## All about (or a lot about... or some about) bots!

Today we wanted to give you a little overview of the kinds of bots that are circulating in the world, providing a taxonomy, if you will, of all the innovative work being done. But first, what is a bot? 

We'll draw mostly from [botnerds.com](http://botnerds.com) and the [article by Mark Sample](https://medium.com/@samplereality/a-protest-bot-is-a-bot-so-specific-you-cant-mistake-it-for-bullshit-90fe10b7fbaa#.ikymcdf6q). The former reference offers a practical definition...
>Bots are software programs that perform automated, repetitive, pre-defined tasks.  These tasks can include almost any interaction with software that has an API.
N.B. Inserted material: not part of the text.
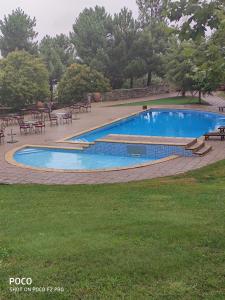 a swimming pool with tables and chairs in a park at Montanhas do Douro in Paredes da Beira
...while Mark Sample is more aspirational.
>A computer program that reveals the injustice and inequality of the world and imagines alternatives. A computer program that says who’s to praise and who’s to blame. A computer program that questions how, when, who and why. A computer program whose indictments are so specific you can’t mistake them for bullshit. A computer program that does all this automatically.

![Bot](http://21clradio.com/wp-content/uploads/2016/02/Kiddle-Logo.png)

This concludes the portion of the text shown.